German Volume Training Nutrition
No matter how hard you’re employed, in case your nutrition is not where it must be, you will not be getting the total advantages of the training. Nutrition plays a significant role in supporting the demands of German Volume Training (GVT) since it means that you can prioritize key dietary facets that contribute to recovery, energy levels, and muscle growth.
Here’s a brief and sweet guide to nutrition for German Volume Training:
1. Macronutrient Balance
Protein:
Protein is incredibly necessary for muscle repair and growth, making it essential for people engaging in any type of high-intensity training, especially GVT. I like to recommend that the majority healthy and energetic adults attempt to get 1-1.5 grams of protein per pound of body weight.
After all, this can be a general guideline, so it’s possible you’ll need kind of protein based on aspects like age, pregnancy, health conditions, and fitness goals.
Carbohydrates:
Contrary to what the web has been saying, carbohydrates should not the enemy; they supply the energy obligatory for the extraordinary workouts related to GVT.
To be efficient and effective together with your nutrition, prioritize eating complex carbohydrates to take care of energy levels throughout the training session and support glycogen replenishment post-workout with simpler carb sources like fruit.
Fats:
Healthy fats are essential macronutrients that provide the body with essential fatty acids, help support hormone production, are great for joint health, and improve the body’s ability to soak up fat-soluble vitamins.

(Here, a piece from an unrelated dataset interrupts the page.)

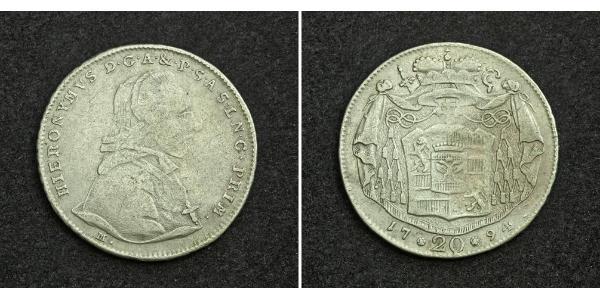 20 Kreuzer Salzburgo Plata Hieronymus von Colloredo (1732 - 1812)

While carbohydrates are the body’s primary energy source, fats will also be used as an energy source.
I enjoy adding healthy fats akin to avocados, nuts, and olive oil to my food plan.
2. Hydration
It might not seem that necessary, but staying well-hydrated is crucial for performance, recovery, and overall health. As you sweat while training, you slowly decrease your performance, increase the risk of muscle cramps, and potentially compromise recovery efforts.
Pre-Workout Hydration:
Drink a minimum of a few glasses of water before your GVT session to be sure that you begin your workout adequately hydrated.
During Exercise:
Eat water frequently during GVT sessions, especially if the workout is lengthy otherwise you’re sweating heavily. The American Council on Exercise suggests drinking 7-10 ounces of water every 10-20 minutes during exercise.¹
Post-Workout Hydration:
Rehydrate after GVT with water or a low-calorie sports drink containing electrolytes to replenish each fluids and electrolytes lost through sweat. As a general rule, drink 16 to 24 ounces of fluid for each pound of body weight lost during exercise.

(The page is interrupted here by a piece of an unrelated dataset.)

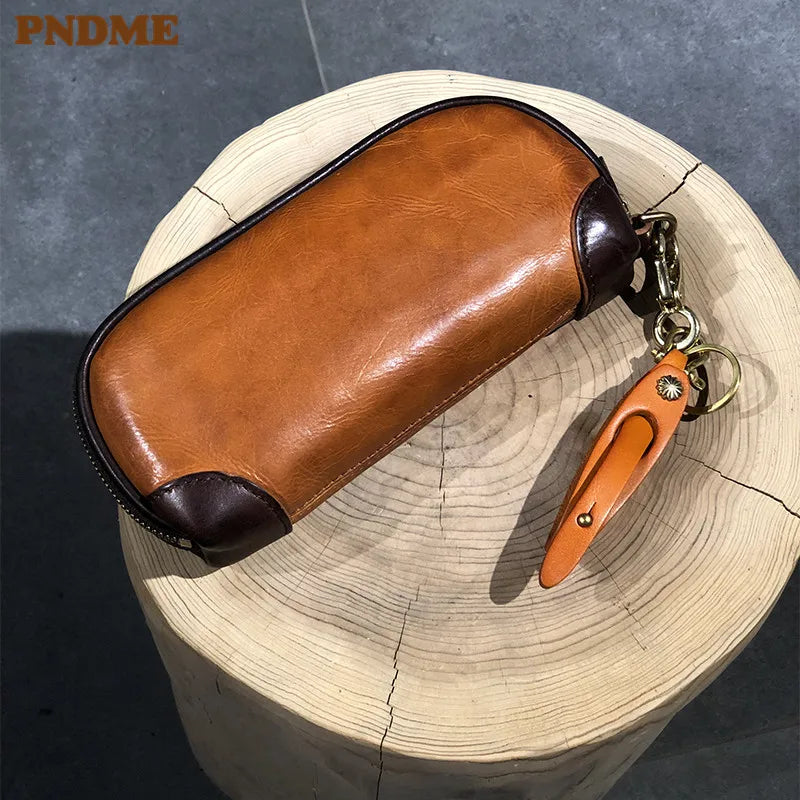 Vintage Handmade Luxury Genuine Leather Men Clutch Bag Casual Designer High Quality Real Cowhide Phone Card Holder Wallet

3. Overall Dietary Considerations
Pre-Workout Nutrition:
To properly fuel your workouts, devour a balanced meal containing carbohydrates, protein, and a few fats 2-3 hours before a GVT session.
Post-Workout Nutrition:
To kickstart the recovery process, devour a post-workout meal or protein shake containing a combination of protein and carbohydrates inside 30-60 minutes after completing GVT. In the event you are going to drink a protein shake, aim for a fast-digesting protein source, like whey protein isolate, to kickstart muscle recovery.
Caloric Surplus:
GVT will be physically demanding, and to present your body the perfect likelihood of putting on muscle and strength, try to take care of a slight caloric surplus. A calorie surplus also helps provide the extra energy needed to enhance muscle recovery, repair, and glycogen replenishment.
Micronutrients:
Micronutrients include vitamins and minerals, which will be consumed by eating fruits and veggies or taking supplements like multivitamins. A various range of vitamins and minerals supports your immune system, bone health, and other physiological processes.
Consuming various vegatables and fruits high in antioxidants helps reduce oxidative stress, typically when training intensively.
Meal Frequency:
Eating smaller but more frequent meals throughout the day, as a substitute of eating sporadically, ensures that your body has a regular supply of nutrients and energy. This prevents significant energy dips throughout the day that may affect performance.
Supplementation:
While supplements will be helpful and fill gaps in your day, they shouldn’t replace getting most of your nutrients through whole, minimally processed foods. Nonetheless, supplements will be particularly helpful for those with dietary restrictions or those that may struggle with getting the whole lot they need through food alone.
In the event you are going to contemplate taking supplements, only buy products from reputable brands that undergo rigorous testing. The supplements I like to recommend probably the most to clients are whey protein, creatine, and multivitamins.
The Disadvantages of German Volume Training
1. Risk of Overtraining
One in every of the largest drawbacks of German Volume Training is the increased risk of overtraining on account of its demanding high training volume. This will be very true in the event you attempt to do it for prolonged periods without proper recovery.
Overtraining can result in excessive fatigue, an increased risk of injury, and strain on the central nervous system. To scale back the chance of overtraining, incorporate recovery periods and rest days into your training schedule.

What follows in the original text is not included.